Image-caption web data

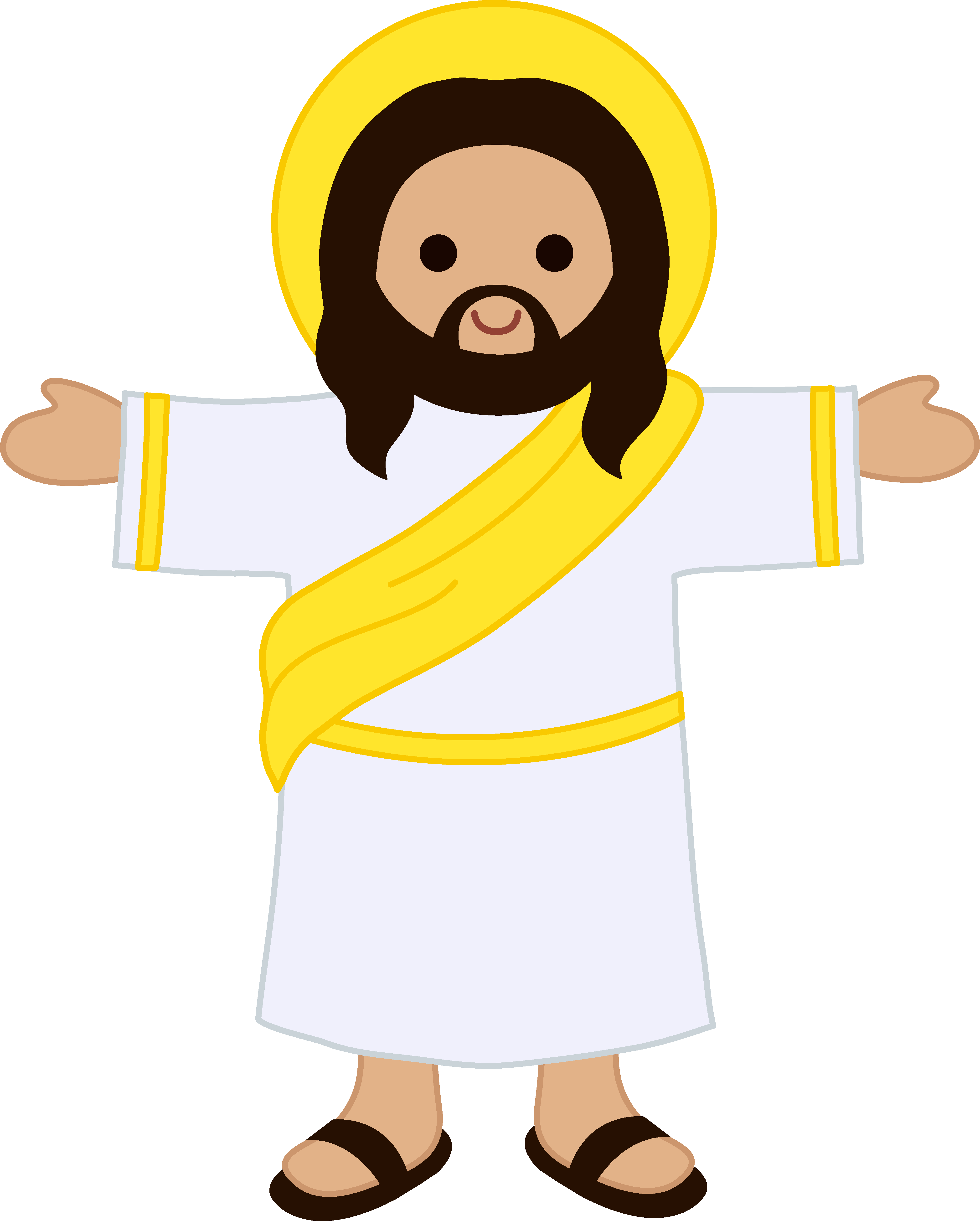 4110x5120 Picture Of Jesus Clipart Amp Picture Of Jesus Clip Art Images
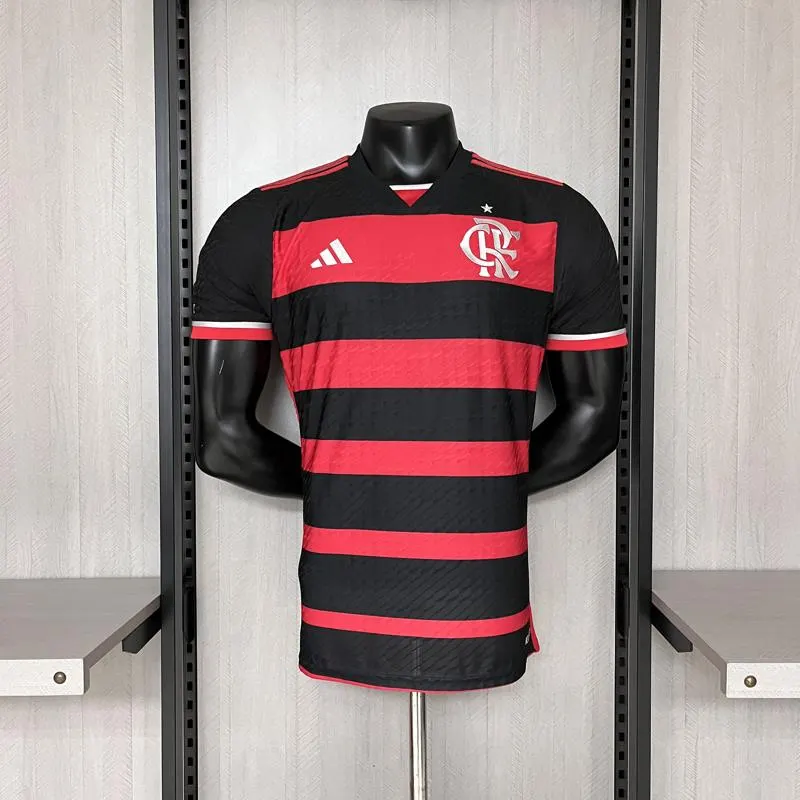 Flamengo Titular 24/25 Jogador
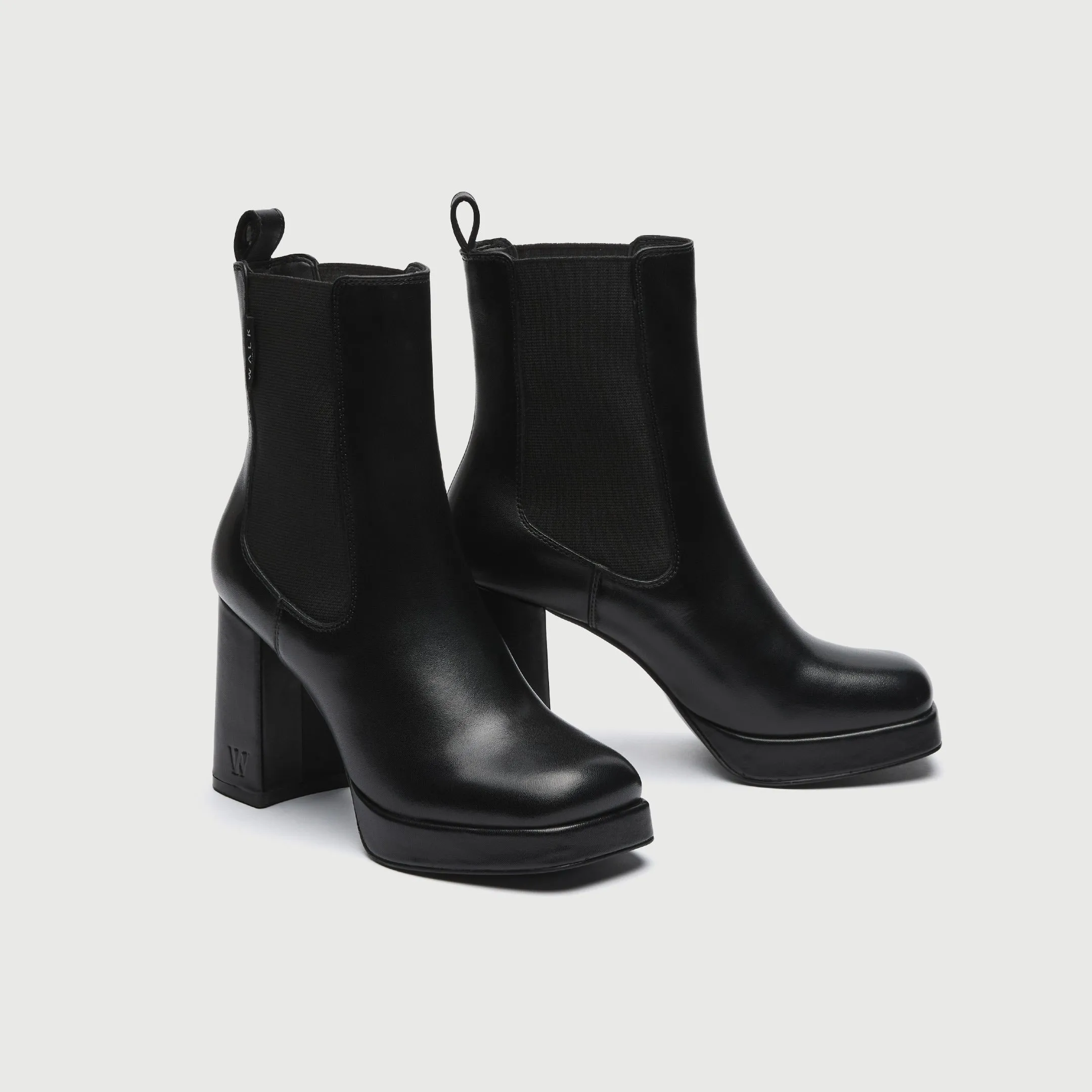 Poppy Chelsea Boot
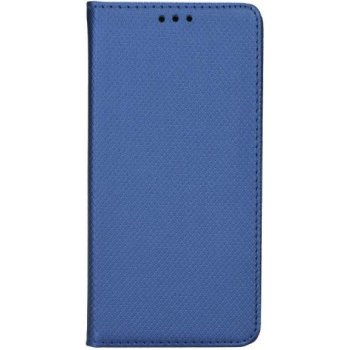 Pouzdro Cu-Be s magnetem Xiaomi Mi A2 Lite Navy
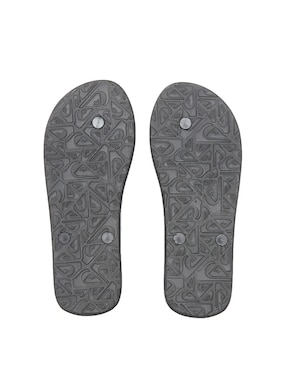 Sandalia Quiksilver Makaha Art para hombre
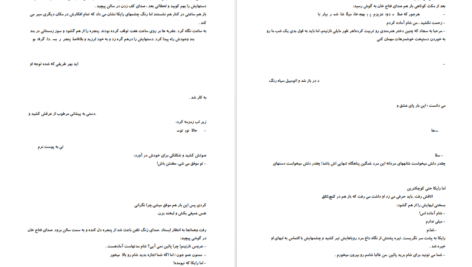 دانلود کتاب رایکا فهیمه سلیمانی ۲۰۶ صفحه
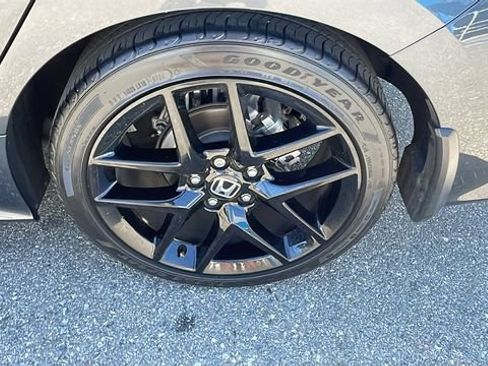 Used 2024 Honda Civic Sport image 30
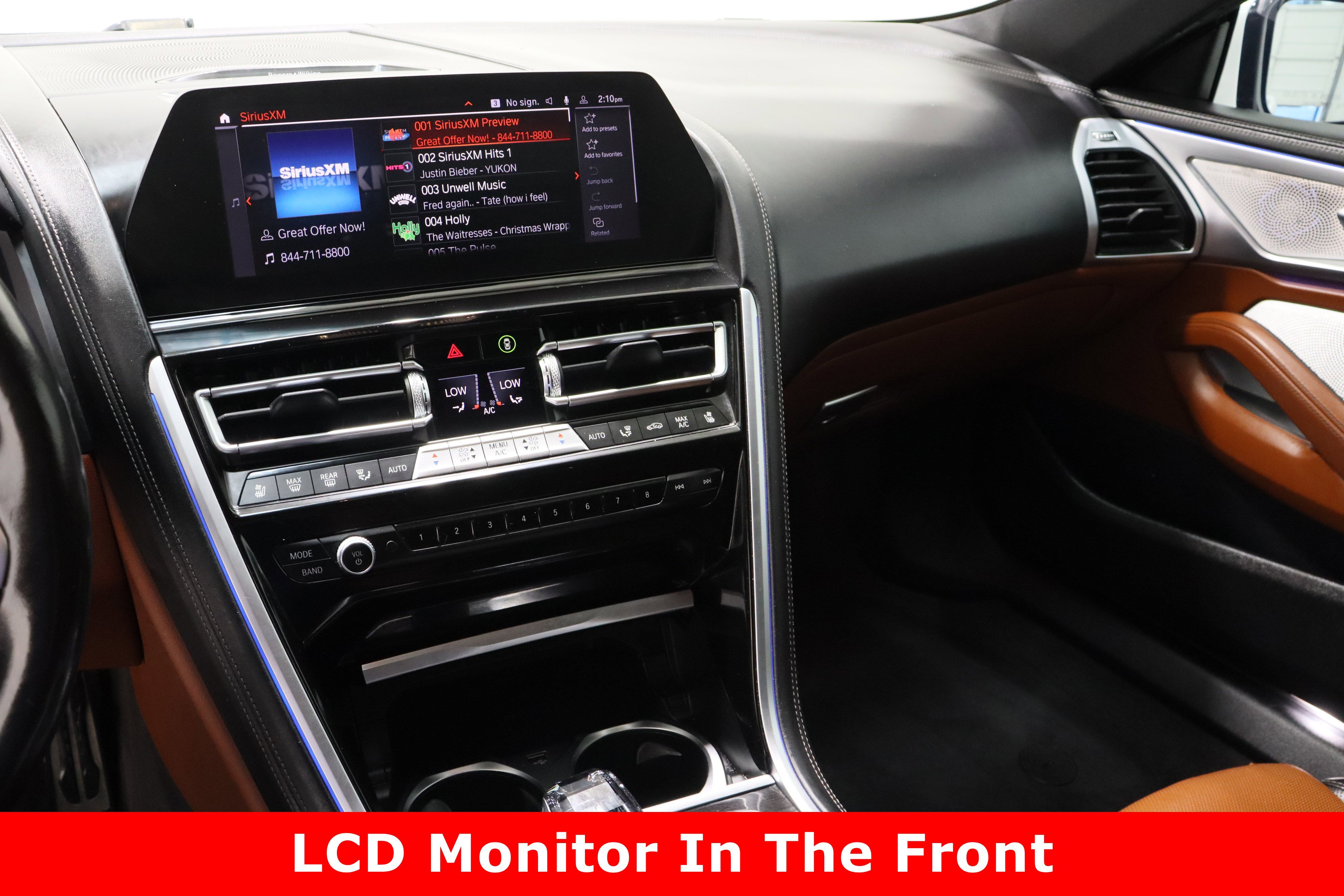 Used 2022 BMW 840i Gran Coupe image 16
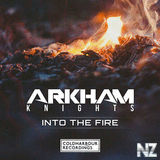 Arkham Knights - Into the Fire (Extended Mix)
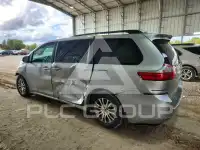 2020 Toyota SIENNA фото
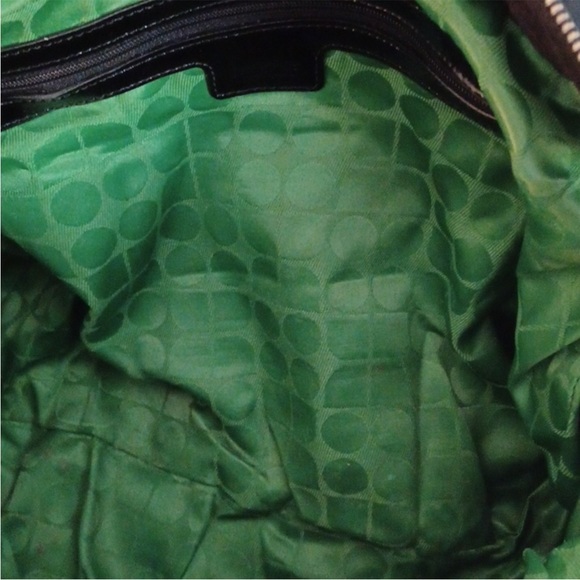Nylon Kate Spade Handbag - Picture 9 of 9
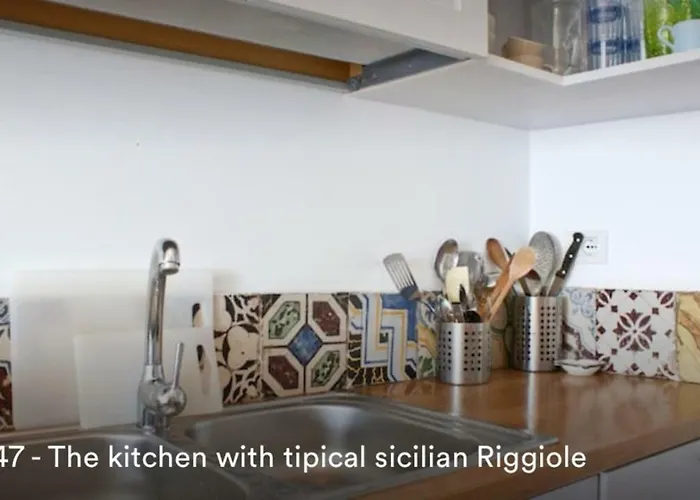 Casa Capaianca カプリ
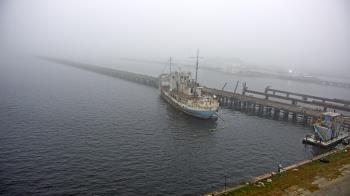 Weather camera view of Reynolds Parks.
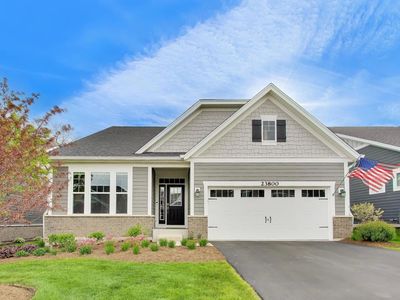 23800 N Muirfield Dr, Kildeer, IL, 60047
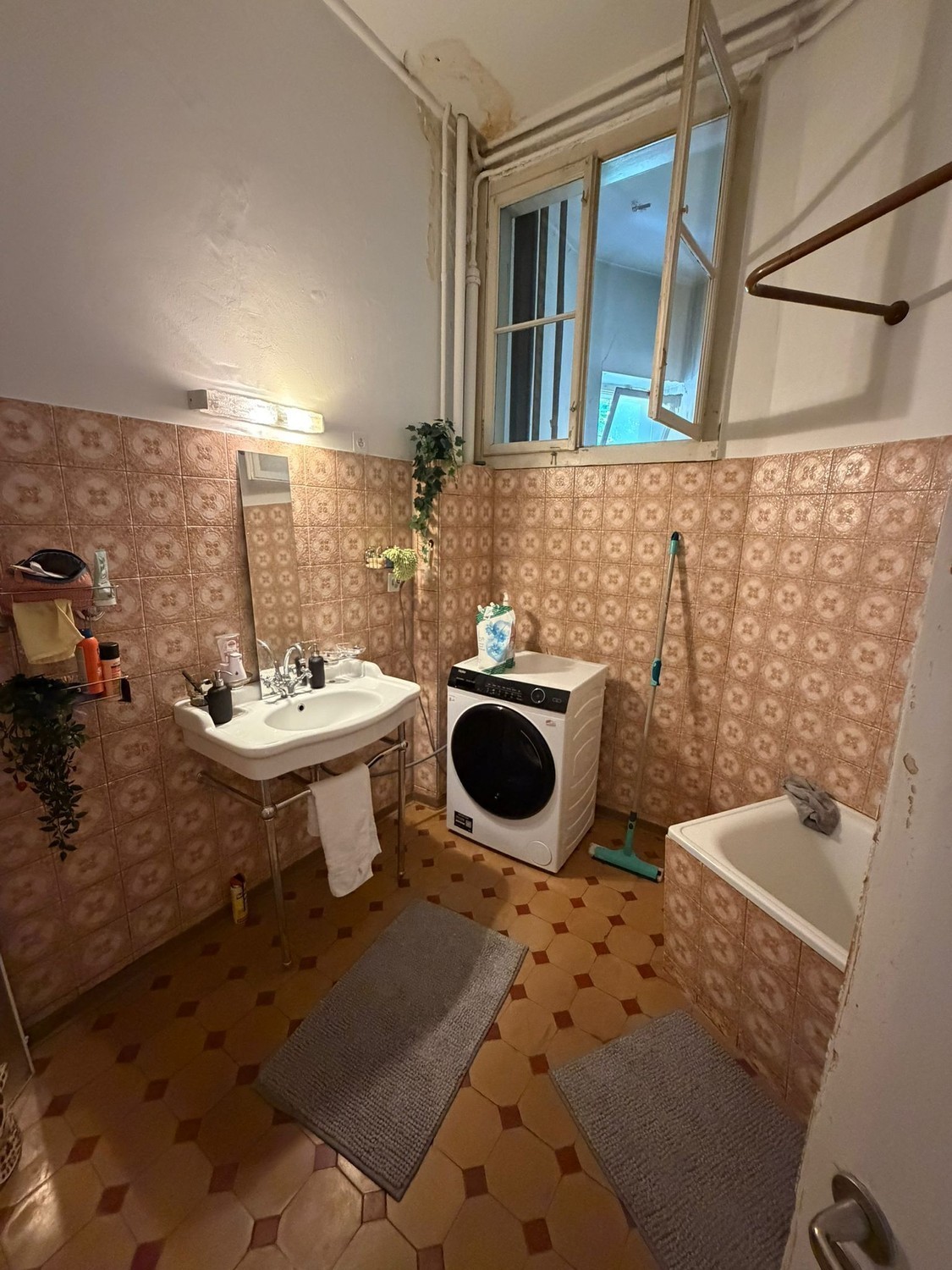 Room in a shared flat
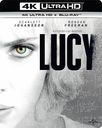 LUCY/롼 [4K ULTRA HD + Blu-rayå]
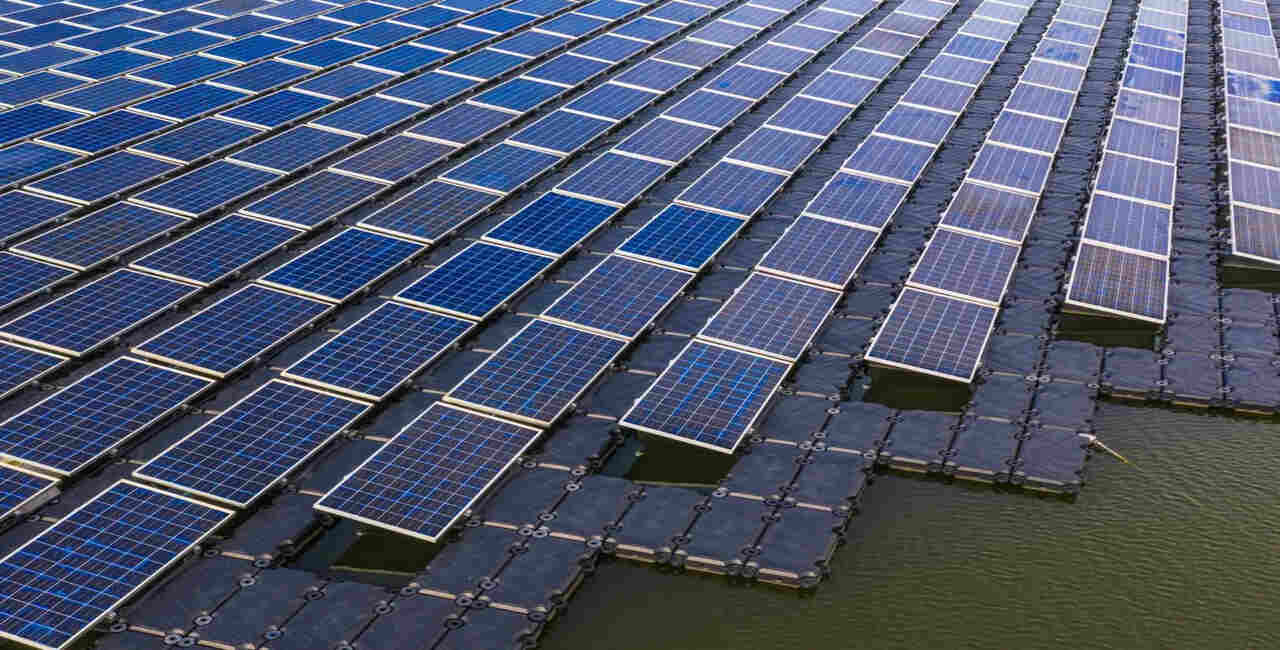 How Do Solar Panel Generate Energy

Description of the task: An exact copy of all the entries is required, and it must contain no pictures.

Solution to this exercise:
 4110x5120 Picture Of Jesus Clipart Amp Picture Of Jesus Clip Art Images
 Flamengo Titular 24/25 Jogador
 Poppy Chelsea Boot
 Pouzdro Cu-Be s magnetem Xiaomi Mi A2 Lite Navy
 Sandalia Quiksilver Makaha Art para hombre
 دانلود کتاب رایکا فهیمه سلیمانی ۲۰۶ صفحه
 Used 2024 Honda Civic Sport image 30
 Used 2022 BMW 840i Gran Coupe image 16
 Arkham Knights - Into the Fire (Extended Mix)
 2020 Toyota SIENNA фото
Nylon Kate Spade Handbag - Picture 9 of 9
 Casa Capaianca カプリ
 Weather camera view of Reynolds Parks.
 23800 N Muirfield Dr, Kildeer, IL, 60047
 Room in a shared flat
 LUCY/롼 [4K ULTRA HD + Blu-rayå]
 How Do Solar Panel Generate Energy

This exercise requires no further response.